I’ll tell you a secret. Shh, no one in the world knows this as I have kept it carefully under wraps with my suave demeanor and impeccable fashion sense: I am a nerd.
I know, you’re totally shocked! Well, at the last writer’s workshop event I completely blew my cover by becoming the infamous classroom stereotype:
This month’s writers’ workshop was with Mackenzie Cadenhead. Mackenzie is an accomplished author and former editor at Marvel. Oh yeah, that’s right thee MARVEL.
Mackenzie was kind enough to walk us through the how tos of creating a comic book and as her example she happened to use a comic that is very near and dear to my heart Runaways. Like comic books? You should check it out. Don’t like comic books? What is wrong with you?
Like many of our children’s media properties the comic book starts with a pitch. Every comic should be based around a clearly articulated, exaggerated metaphor. Like X-Men being about discrimination and discovering yourself. Runaways is all about old vs. young, rules vs. freedom. The series is about six young friends who find out that their parents are actually super villains. The teens run away and discover that they have superpowers, too (well some of them are more like stolen gadgets but you get the picture). The kids resolve to right the wrongs of their parents and be a force for good.

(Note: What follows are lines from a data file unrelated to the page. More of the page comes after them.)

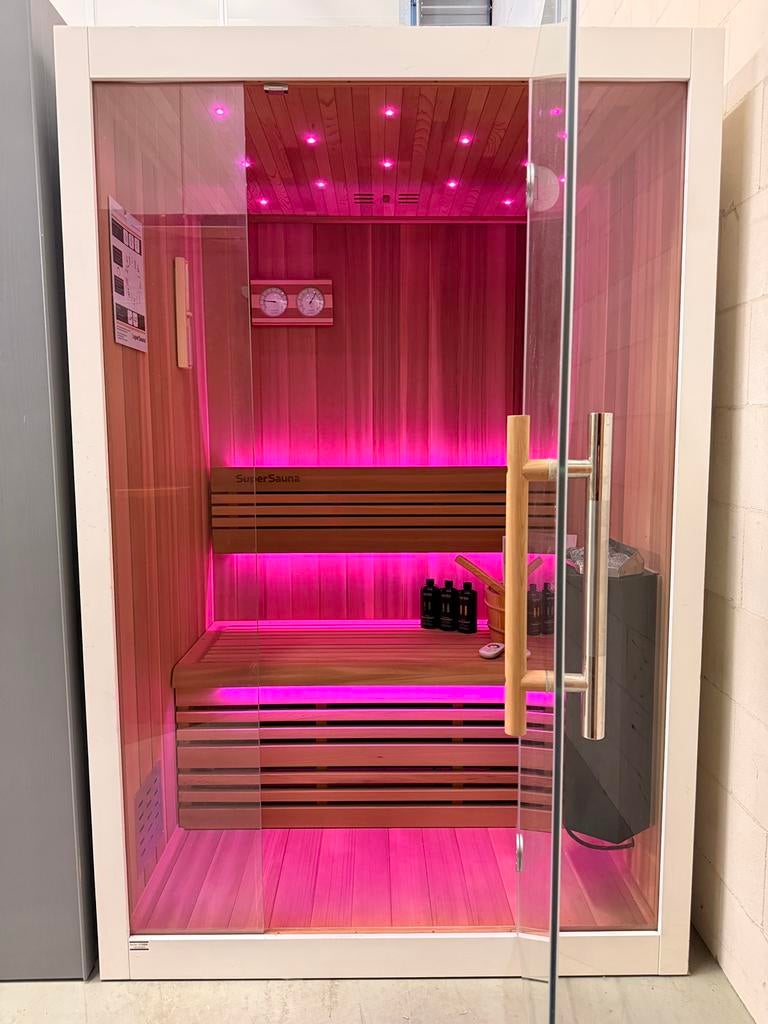 🐣 PAASACTIE - Luxe Sauna Deals bij Jalora, Ophalen of Verzenden, Nieuw, Fins of Traditioneel, Complete sauna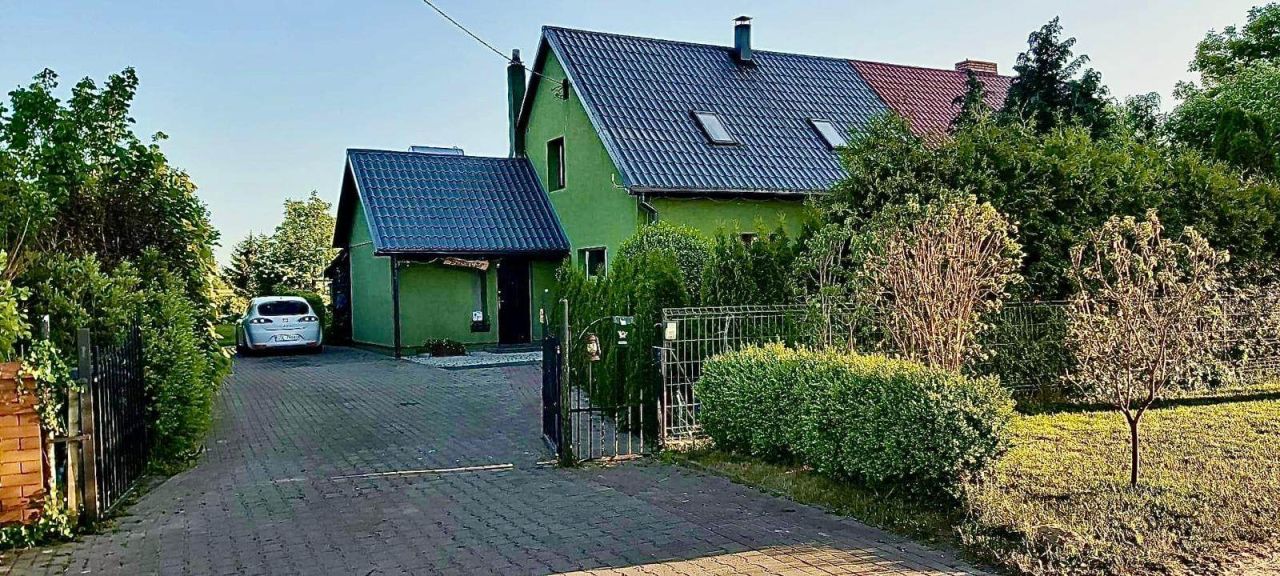 bliźniak, 5 pokoi Zębowo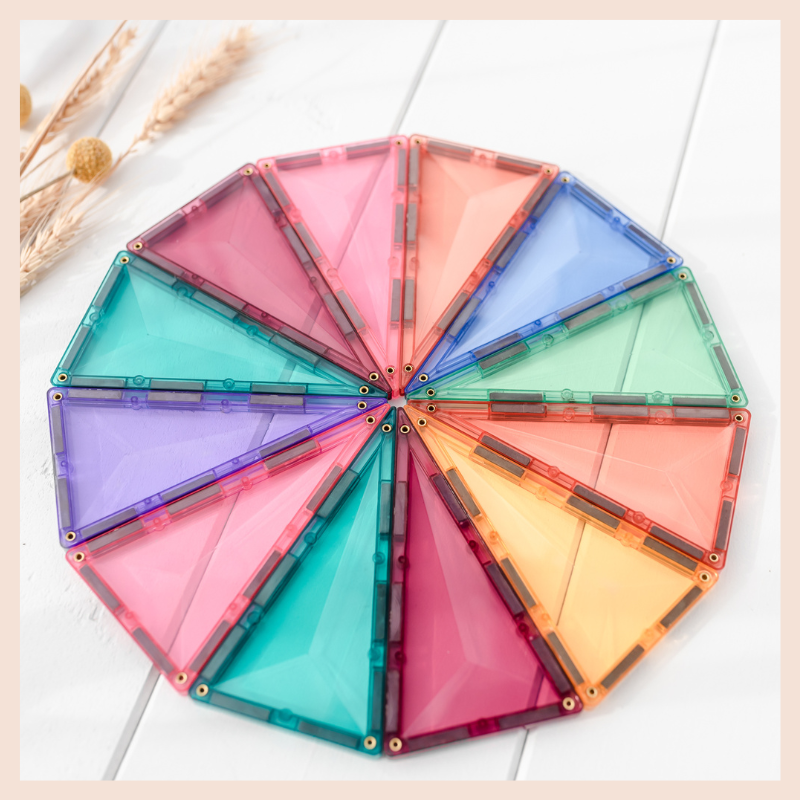 Connetix Pastel Creative Pack (120 Pieces)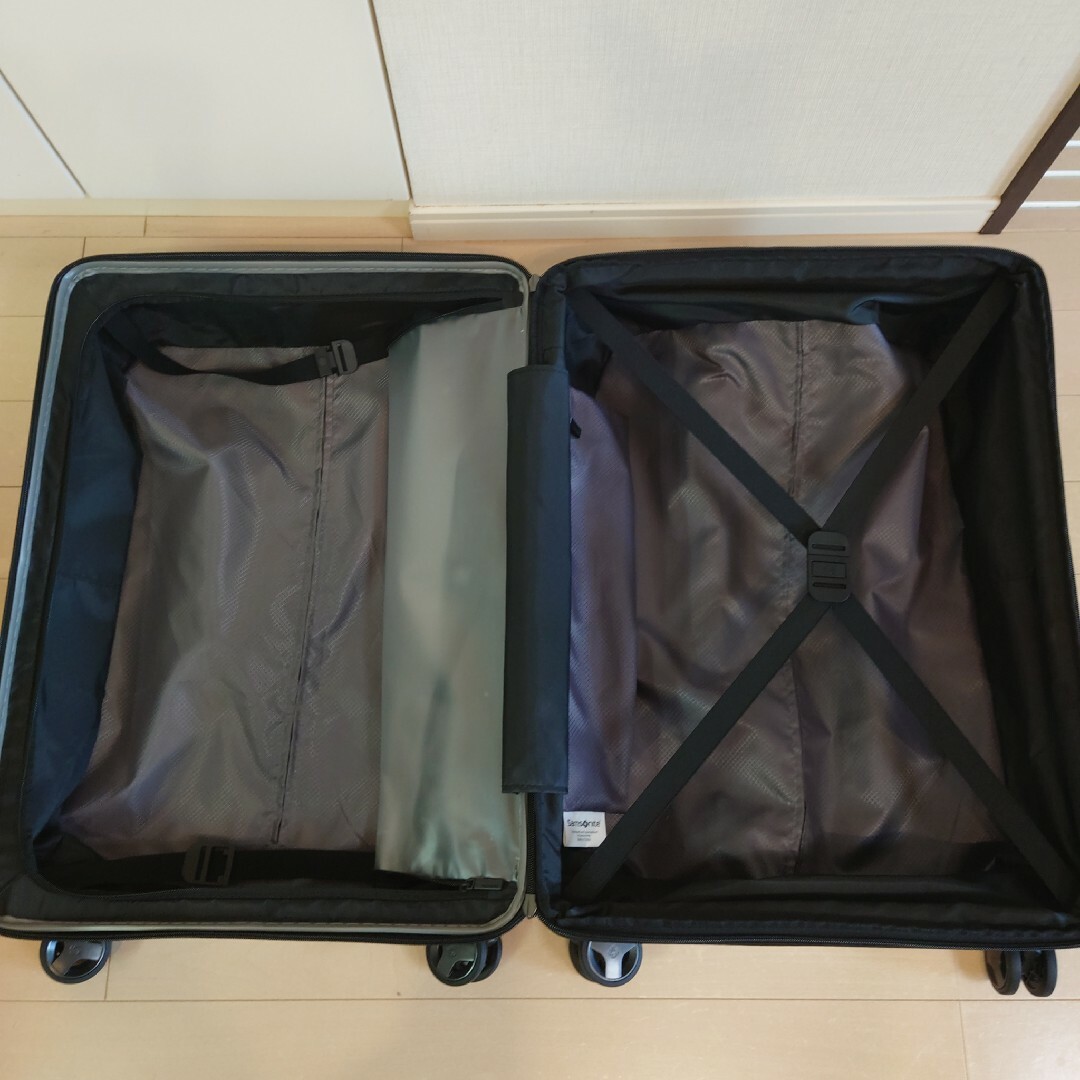 Samsonite(サムソナイト)の【美品】Samsonite  Evoa Spinner 69 スーツケース メンズのバッグ(トラベルバッグ/スーツケース)の商品写真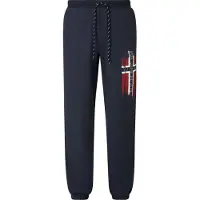 Jan Vanderstorm Sportbroek ' Vegar ' donkerblauw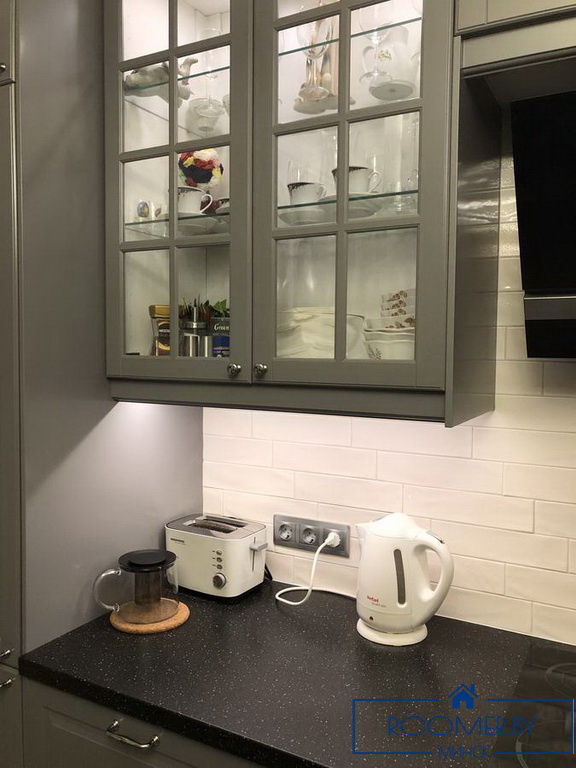 Квартира на сутки в Минске возле метро Спортивная кухня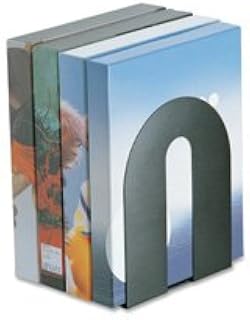 Officemate Steel Construction Heavy-Duty Bookends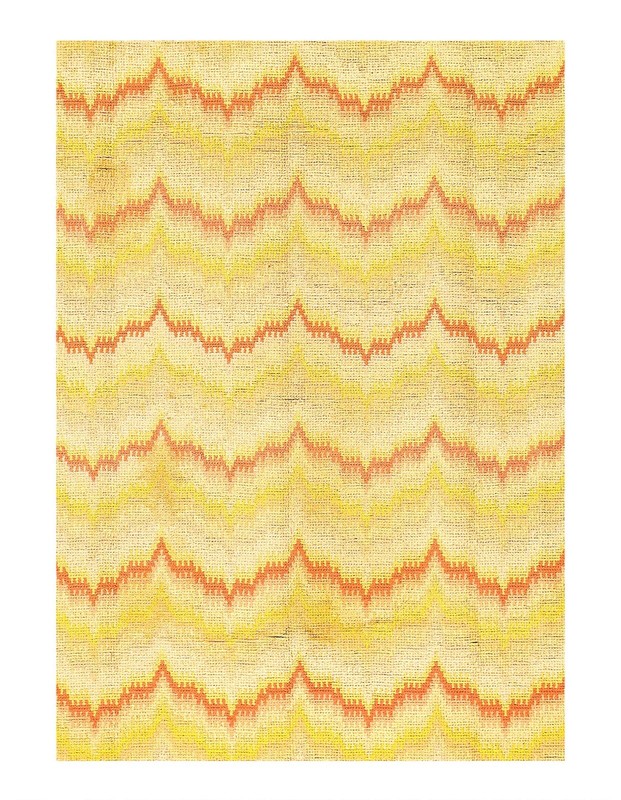 Antique Hand Knotted Spain art deco rug 6'3'' X 8'11'' gallery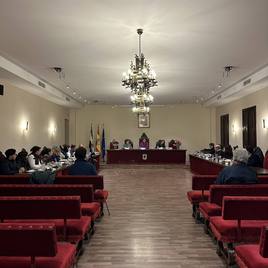 Pleno de aprobación de presupuestos.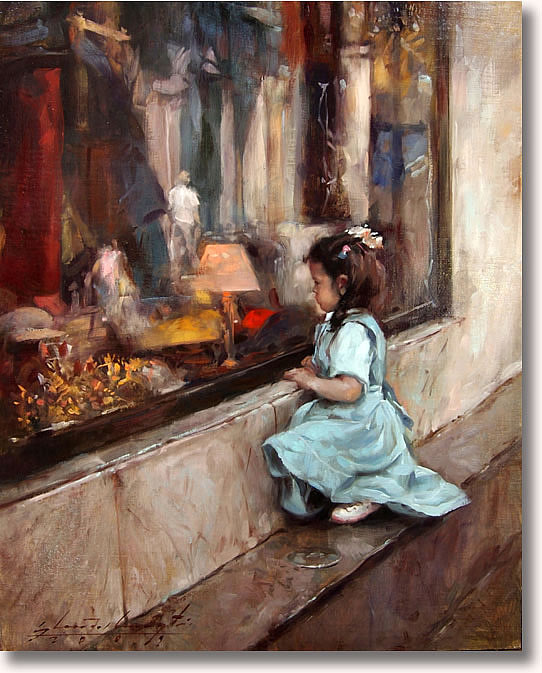 GLENN HARRINGTON STORE FRONT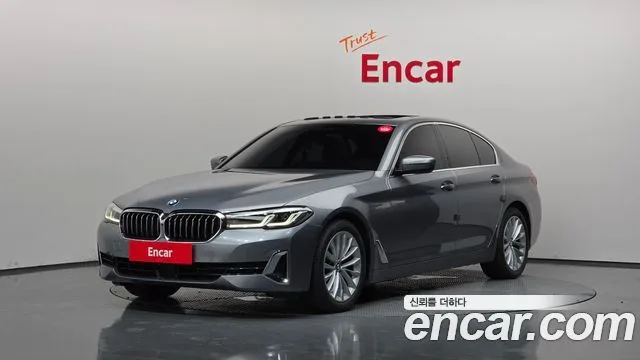 BMW 5-Series, 2023 — фото автомобиля из Кореи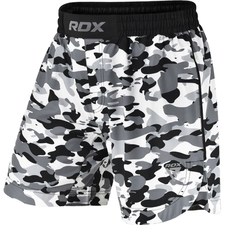 MMA Shorts RDX T15 Camo Grau 3XL, Bekleidungsgrösse: XXXL, Farbe: Camouflage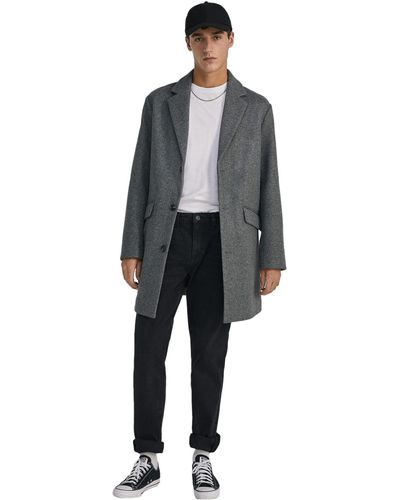 Springfield Abrio relaxed fit - Negro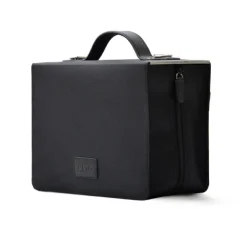 Barth & Bauer Lesen & Geschichten*SKIN Tasche BASIC Gr. XL (Habersack) onyx-schwarz / mit Tragegurt & Buchstütze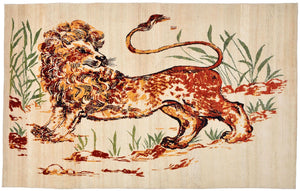 Gabbeh Teppich - Loribaft Perser 277 x 172 cm - mehrfarbig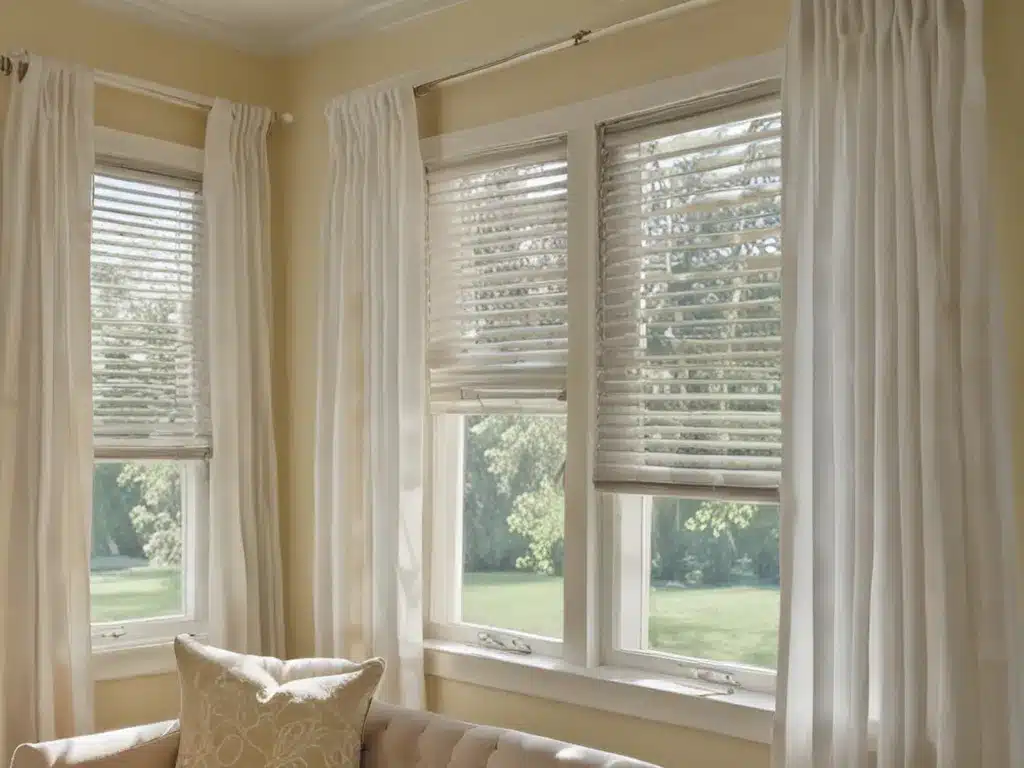 Give Your Window Treatments a Deep Clean for More Sunshine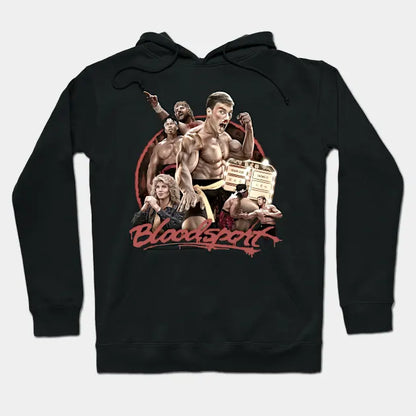Bloodsport T-Shirt Hoodie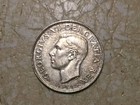 Post Ww2 1952 Canada 50 Cent 2 silver coin Us 5C Ww2 & 113 Gram World Coin Lot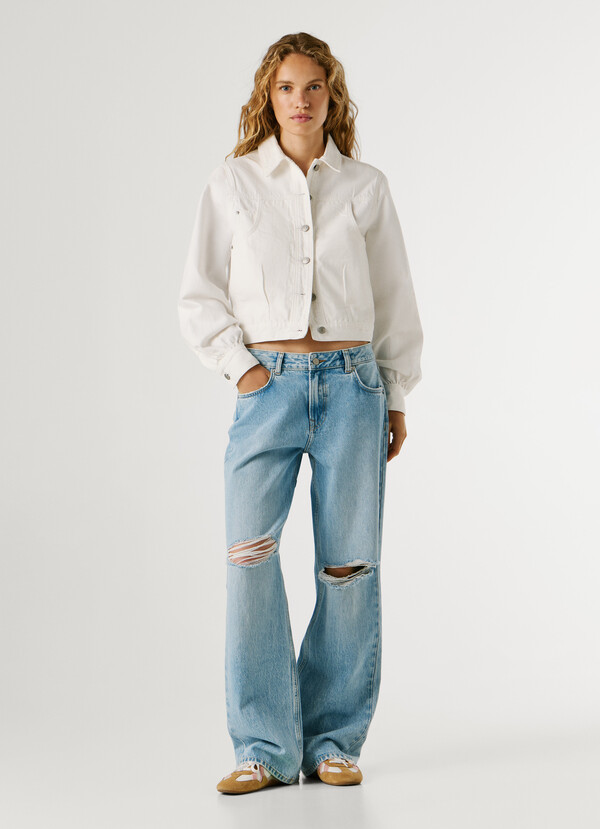 REGULAR FIT DENIM JACKET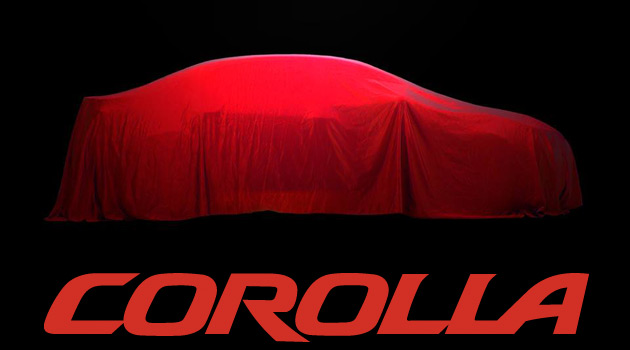 2014 Toyota Corolla Unveil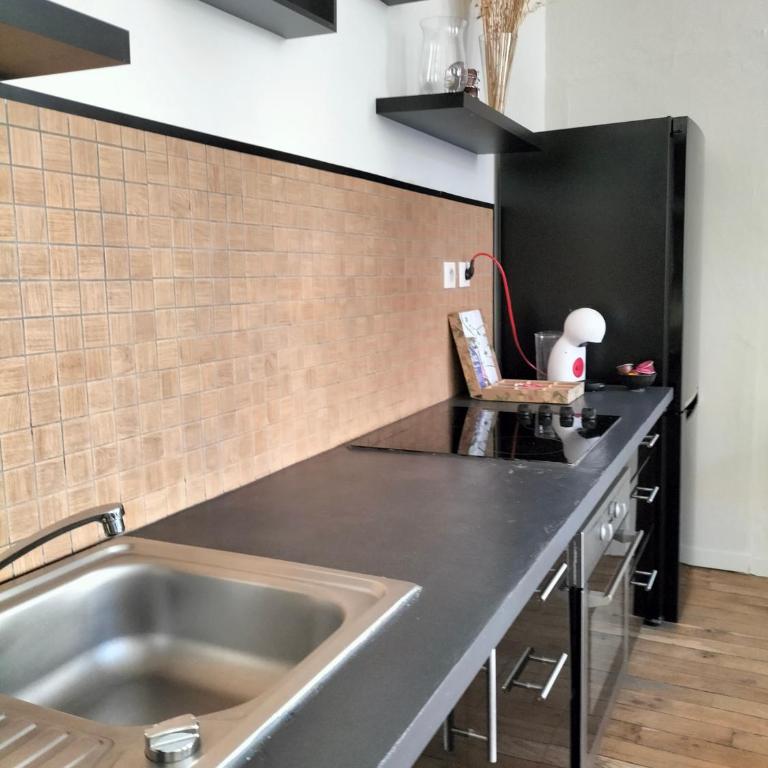 Nancy Gare Centre Parking - Appartement 1 Chambre - 43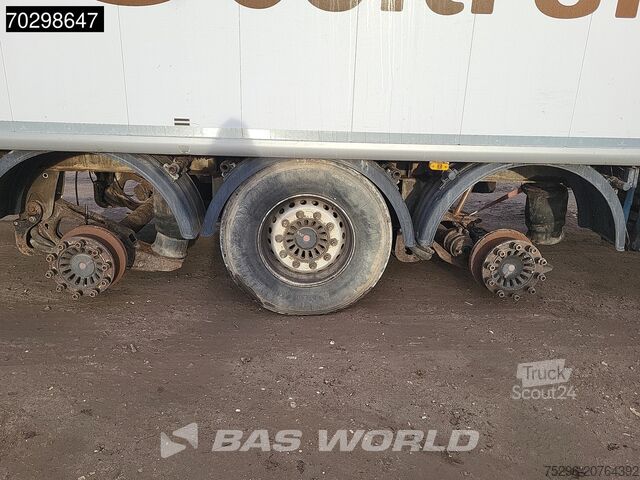 Pārvietojamā grīda Kraker CF-Z Lifting Axle 90m3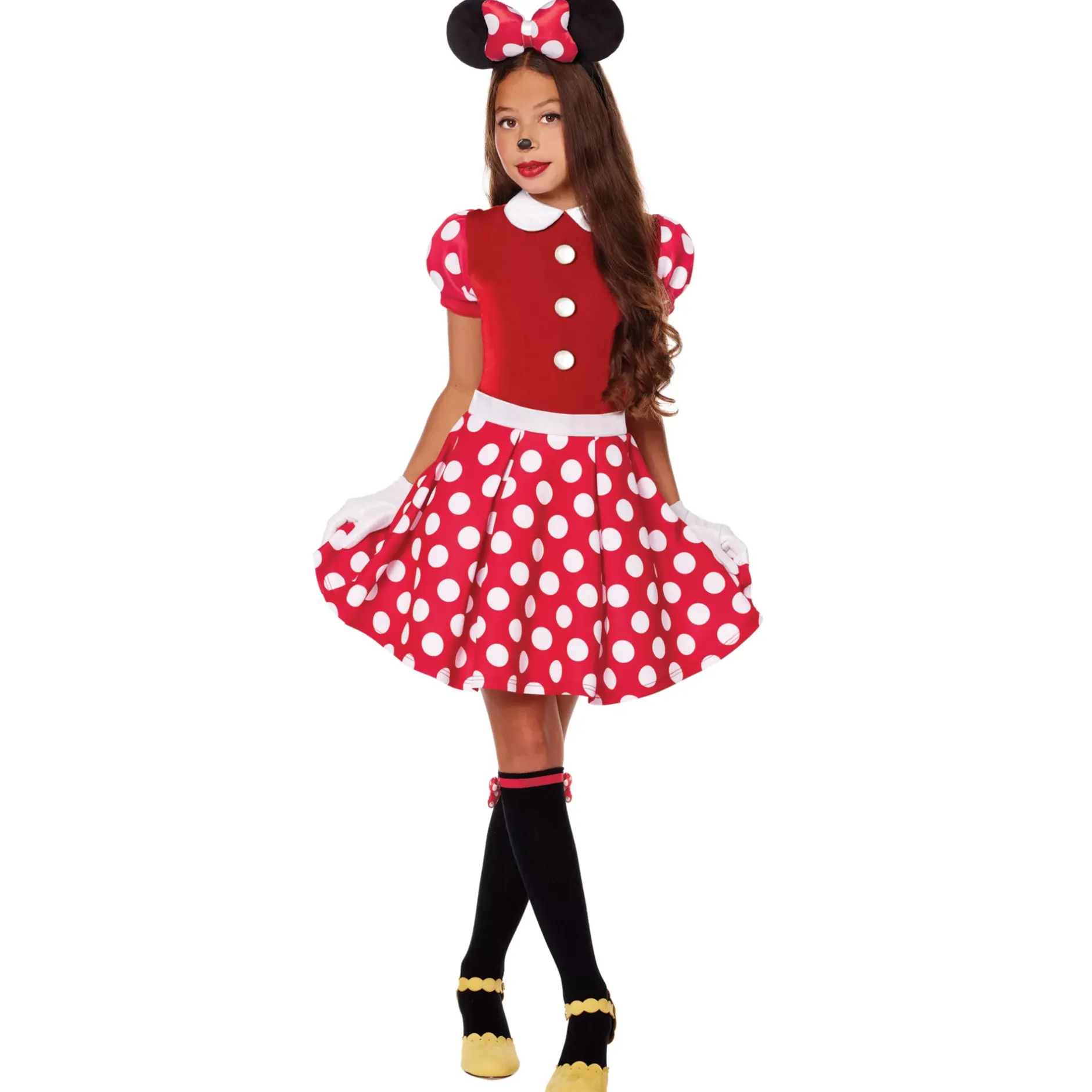 Spirit Halloween Kids Minnie Mouse Costume - Mickey and Friends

So how to make that awesome idea into a series? A standard comic pitch usually goes through 5 or 6 book arcs (that’s enough for 1 trade paperback graphic novel, as they call them). The end of every issue is of course a cliffhanger, leaving the readers wanting more.
After the pitch is the script (still in familiar territory here). It looks a bit like a screenplay with the panel descriptions and dialogue all typed out. Sometimes writers suggest layout, sometimes they don’t. Now here’s where it gets all “wha?” for those of us who don’t work in the comic arts. The job of Mackenzie, as editor, is really to be the go between between the writer and artist as none of them are likely to be in a room at the same time. After script comes layout which is really like a rough storyboard. After the layout is decided on the pencil drawings are done. These look more final but are still, well, in pencil (hence the name). Once the pencils are done the panels are inked. The inking really indicates the light source and is an amazing art form unto itself. After the inking comes coloring, another powerful tool. Color choices can reflect mood or the characters’ alignment, it can also show the passage of time and time of day. Then after the pictures are final, inked and colored, the letterers come in and fill in the text of the book. A good editor and a good artist know enough to leave room in the picture for the dialogue to fit and the writer also needs to be aware that there’s not room for a 20 line monologue in one panel. The editor has to juggle all these artists artistic sensibilities and make them gel into one cohesive unit. From what I can tell comic book writing is somewhere in between writing a teleplay and a silent movie script. You count on the pictures to fill in information so you don’t have to have text spell everything out for you. It sounds like a really interesting challenge. Kind of like saving the world on a daily basis, only on a smaller scale.
Main Takeaway: My first thought was: comic books look like they’re hard to write. I want to do it! Read ‘em or don’t read ‘em but there’s no doubt that comics are an amazing art form. Every medium presents its own sets of challenges and triumphs.
Personal Takeaway: What a great medium for exploring wonderful universal truths with kids or anyone! As a kid I learned from Spider-Man that with great power comes great responsibility. I learned from Batman that you can do one of two things with the tragedies that happen in life – use them to become a better person or use them to go dark side. We all have the potential to be monsters or heroes. And I learned from the Incredible Hulk that you wouldn’t like me when I’m angry. Okay, maybe not that last one but rule of threes and all that…
Inappropriate Takeaway: I don’t know if it’s inappropriate or just an interesting factoid but comics are not returnable. Once they’re stocked in the store they’re there and there’s no ripping off the covers and returning them to the publisher. My local comic book store should’ve thought of that before purchasing 8 million copies of Peter Porker: The Amazing Spider Ham ‘cause I’m pretty sure I was the only one itching to buy that one on new comic book day. (It was my favorite comic book when I was a kid, by the way, next to Katy Keene.)